### Problem details
Please make an exact transcription of all the data that follows.

Stored items
↓

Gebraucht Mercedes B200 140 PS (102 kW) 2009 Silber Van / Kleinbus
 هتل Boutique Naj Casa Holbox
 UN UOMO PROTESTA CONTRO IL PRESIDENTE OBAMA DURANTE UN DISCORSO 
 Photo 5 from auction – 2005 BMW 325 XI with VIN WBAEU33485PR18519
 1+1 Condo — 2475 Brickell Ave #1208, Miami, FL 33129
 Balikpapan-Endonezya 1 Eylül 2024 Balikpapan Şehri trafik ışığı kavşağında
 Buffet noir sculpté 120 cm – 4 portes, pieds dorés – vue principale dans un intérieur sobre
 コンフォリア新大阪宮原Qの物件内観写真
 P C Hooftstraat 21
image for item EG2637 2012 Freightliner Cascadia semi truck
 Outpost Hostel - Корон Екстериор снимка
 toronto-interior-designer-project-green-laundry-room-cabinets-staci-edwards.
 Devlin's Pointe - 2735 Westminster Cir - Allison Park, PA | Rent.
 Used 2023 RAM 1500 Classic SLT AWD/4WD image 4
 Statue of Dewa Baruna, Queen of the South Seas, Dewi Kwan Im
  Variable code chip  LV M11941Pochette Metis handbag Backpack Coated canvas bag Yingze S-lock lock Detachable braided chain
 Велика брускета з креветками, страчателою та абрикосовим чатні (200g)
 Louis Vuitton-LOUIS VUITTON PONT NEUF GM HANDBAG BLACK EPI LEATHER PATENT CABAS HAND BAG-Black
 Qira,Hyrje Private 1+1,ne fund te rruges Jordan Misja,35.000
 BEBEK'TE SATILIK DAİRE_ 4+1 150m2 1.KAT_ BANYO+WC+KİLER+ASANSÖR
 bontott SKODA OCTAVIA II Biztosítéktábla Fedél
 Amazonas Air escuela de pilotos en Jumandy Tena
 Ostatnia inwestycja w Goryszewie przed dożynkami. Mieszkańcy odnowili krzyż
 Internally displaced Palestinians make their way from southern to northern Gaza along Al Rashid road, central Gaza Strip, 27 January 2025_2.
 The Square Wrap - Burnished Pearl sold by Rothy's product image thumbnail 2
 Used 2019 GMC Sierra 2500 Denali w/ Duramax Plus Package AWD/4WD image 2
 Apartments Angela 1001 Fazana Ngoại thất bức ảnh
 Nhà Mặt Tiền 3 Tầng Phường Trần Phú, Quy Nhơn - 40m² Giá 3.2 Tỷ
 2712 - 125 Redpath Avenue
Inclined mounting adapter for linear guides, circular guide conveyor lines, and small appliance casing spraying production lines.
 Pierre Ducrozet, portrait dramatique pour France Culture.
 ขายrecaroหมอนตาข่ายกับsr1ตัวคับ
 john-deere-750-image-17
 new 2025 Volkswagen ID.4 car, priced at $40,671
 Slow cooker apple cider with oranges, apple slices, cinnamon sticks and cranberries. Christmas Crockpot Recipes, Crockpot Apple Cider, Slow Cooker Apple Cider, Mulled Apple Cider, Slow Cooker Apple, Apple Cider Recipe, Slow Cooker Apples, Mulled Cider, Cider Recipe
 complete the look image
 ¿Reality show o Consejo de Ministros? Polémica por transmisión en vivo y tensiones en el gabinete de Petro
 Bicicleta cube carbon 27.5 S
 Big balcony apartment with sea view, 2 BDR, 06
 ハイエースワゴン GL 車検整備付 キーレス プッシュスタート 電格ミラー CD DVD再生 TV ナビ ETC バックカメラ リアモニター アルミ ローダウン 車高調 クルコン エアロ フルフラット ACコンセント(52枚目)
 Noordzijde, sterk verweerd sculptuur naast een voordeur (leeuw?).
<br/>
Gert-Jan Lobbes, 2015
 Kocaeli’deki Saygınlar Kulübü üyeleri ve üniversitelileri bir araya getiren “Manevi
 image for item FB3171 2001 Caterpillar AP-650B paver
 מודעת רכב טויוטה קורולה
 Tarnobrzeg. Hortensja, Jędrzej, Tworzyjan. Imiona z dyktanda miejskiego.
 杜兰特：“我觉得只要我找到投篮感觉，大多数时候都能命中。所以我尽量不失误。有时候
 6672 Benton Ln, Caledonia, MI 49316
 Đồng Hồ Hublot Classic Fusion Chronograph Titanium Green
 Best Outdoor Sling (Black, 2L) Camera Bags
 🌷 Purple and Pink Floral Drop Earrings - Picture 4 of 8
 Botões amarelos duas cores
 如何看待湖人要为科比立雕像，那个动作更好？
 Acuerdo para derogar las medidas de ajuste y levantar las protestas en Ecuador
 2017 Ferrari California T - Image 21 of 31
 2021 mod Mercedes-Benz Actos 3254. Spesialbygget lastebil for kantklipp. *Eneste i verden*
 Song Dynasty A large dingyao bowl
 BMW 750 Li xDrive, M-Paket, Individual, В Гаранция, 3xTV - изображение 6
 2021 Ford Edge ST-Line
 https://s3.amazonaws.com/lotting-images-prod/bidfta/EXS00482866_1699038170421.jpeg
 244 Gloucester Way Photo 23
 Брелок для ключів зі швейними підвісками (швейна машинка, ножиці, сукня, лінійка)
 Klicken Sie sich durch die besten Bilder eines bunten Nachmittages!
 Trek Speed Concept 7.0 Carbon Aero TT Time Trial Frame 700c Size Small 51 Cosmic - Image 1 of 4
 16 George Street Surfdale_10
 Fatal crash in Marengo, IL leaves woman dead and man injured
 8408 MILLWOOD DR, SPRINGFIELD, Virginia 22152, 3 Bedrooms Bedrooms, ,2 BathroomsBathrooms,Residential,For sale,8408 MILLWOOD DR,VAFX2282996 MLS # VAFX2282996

↑

### Output of the exercise
Gebraucht Mercedes B200 140 PS (102 kW) 2009 Silber Van / Kleinbus
 هتل Boutique Naj Casa Holbox
 UN UOMO PROTESTA CONTRO IL PRESIDENTE OBAMA DURANTE UN DISCORSO 
 Photo 5 from auction – 2005 BMW 325 XI with VIN WBAEU33485PR18519
 1+1 Condo — 2475 Brickell Ave #1208, Miami, FL 33129
 Balikpapan-Endonezya 1 Eylül 2024 Balikpapan Şehri trafik ışığı kavşağında
 Buffet noir sculpté 120 cm – 4 portes, pieds dorés – vue principale dans un intérieur sobre
 コンフォリア新大阪宮原Qの物件内観写真
 P C Hooftstraat 21
image for item EG2637 2012 Freightliner Cascadia semi truck
 Outpost Hostel - Корон Екстериор снимка
 toronto-interior-designer-project-green-laundry-room-cabinets-staci-edwards.
 Devlin's Pointe - 2735 Westminster Cir - Allison Park, PA | Rent.
 Used 2023 RAM 1500 Classic SLT AWD/4WD image 4
 Statue of Dewa Baruna, Queen of the South Seas, Dewi Kwan Im
  Variable code chip  LV M11941Pochette Metis handbag Backpack Coated canvas bag Yingze S-lock lock Detachable braided chain
 Велика брускета з креветками, страчателою та абрикосовим чатні (200g)
 Louis Vuitton-LOUIS VUITTON PONT NEUF GM HANDBAG BLACK EPI LEATHER PATENT CABAS HAND BAG-Black
 Qira,Hyrje Private 1+1,ne fund te rruges Jordan Misja,35.000
 BEBEK'TE SATILIK DAİRE_ 4+1 150m2 1.KAT_ BANYO+WC+KİLER+ASANSÖR
 bontott SKODA OCTAVIA II Biztosítéktábla Fedél
 Amazonas Air escuela de pilotos en Jumandy Tena
 Ostatnia inwestycja w Goryszewie przed dożynkami. Mieszkańcy odnowili krzyż
 Internally displaced Palestinians make their way from southern to northern Gaza along Al Rashid road, central Gaza Strip, 27 January 2025_2.
 The Square Wrap - Burnished Pearl sold by Rothy's product image thumbnail 2
 Used 2019 GMC Sierra 2500 Denali w/ Duramax Plus Package AWD/4WD image 2
 Apartments Angela 1001 Fazana Ngoại thất bức ảnh
 Nhà Mặt Tiền 3 Tầng Phường Trần Phú, Quy Nhơn - 40m² Giá 3.2 Tỷ
 2712 - 125 Redpath Avenue
Inclined mounting adapter for linear guides, circular guide conveyor lines, and small appliance casing spraying production lines.
 Pierre Ducrozet, portrait dramatique pour France Culture.
 ขายrecaroหมอนตาข่ายกับsr1ตัวคับ
 john-deere-750-image-17
 new 2025 Volkswagen ID.4 car, priced at $40,671
 Slow cooker apple cider with oranges, apple slices, cinnamon sticks and cranberries. Christmas Crockpot Recipes, Crockpot Apple Cider, Slow Cooker Apple Cider, Mulled Apple Cider, Slow Cooker Apple, Apple Cider Recipe, Slow Cooker Apples, Mulled Cider, Cider Recipe
 complete the look image
 ¿Reality show o Consejo de Ministros? Polémica por transmisión en vivo y tensiones en el gabinete de Petro
 Bicicleta cube carbon 27.5 S
 Big balcony apartment with sea view, 2 BDR, 06
 ハイエースワゴン GL 車検整備付 キーレス プッシュスタート 電格ミラー CD DVD再生 TV ナビ ETC バックカメラ リアモニター アルミ ローダウン 車高調 クルコン エアロ フルフラット ACコンセント(52枚目)
 Noordzijde, sterk verweerd sculptuur naast een voordeur (leeuw?).
<br/>
Gert-Jan Lobbes, 2015
 Kocaeli’deki Saygınlar Kulübü üyeleri ve üniversitelileri bir araya getiren “Manevi
 image for item FB3171 2001 Caterpillar AP-650B paver
 מודעת רכב טויוטה קורולה
 Tarnobrzeg. Hortensja, Jędrzej, Tworzyjan. Imiona z dyktanda miejskiego.
 杜兰特：“我觉得只要我找到投篮感觉，大多数时候都能命中。所以我尽量不失误。有时候
 6672 Benton Ln, Caledonia, MI 49316
 Đồng Hồ Hublot Classic Fusion Chronograph Titanium Green
 Best Outdoor Sling (Black, 2L) Camera Bags
 🌷 Purple and Pink Floral Drop Earrings - Picture 4 of 8
 Botões amarelos duas cores
 如何看待湖人要为科比立雕像，那个动作更好？
 Acuerdo para derogar las medidas de ajuste y levantar las protestas en Ecuador
 2017 Ferrari California T - Image 21 of 31
 2021 mod Mercedes-Benz Actos 3254. Spesialbygget lastebil for kantklipp. *Eneste i verden*
 Song Dynasty A large dingyao bowl
 BMW 750 Li xDrive, M-Paket, Individual, В Гаранция, 3xTV - изображение 6
 2021 Ford Edge ST-Line
 https://s3.amazonaws.com/lotting-images-prod/bidfta/EXS00482866_1699038170421.jpeg
 244 Gloucester Way Photo 23
 Брелок для ключів зі швейними підвісками (швейна машинка, ножиці, сукня, лінійка)
 Klicken Sie sich durch die besten Bilder eines bunten Nachmittages!
 Trek Speed Concept 7.0 Carbon Aero TT Time Trial Frame 700c Size Small 51 Cosmic - Image 1 of 4
 16 George Street Surfdale_10
 Fatal crash in Marengo, IL leaves woman dead and man injured
 8408 MILLWOOD DR, SPRINGFIELD, Virginia 22152, 3 Bedrooms Bedrooms, ,2 BathroomsBathrooms,Residential,For sale,8408 MILLWOOD DR,VAFX2282996 MLS # VAFX2282996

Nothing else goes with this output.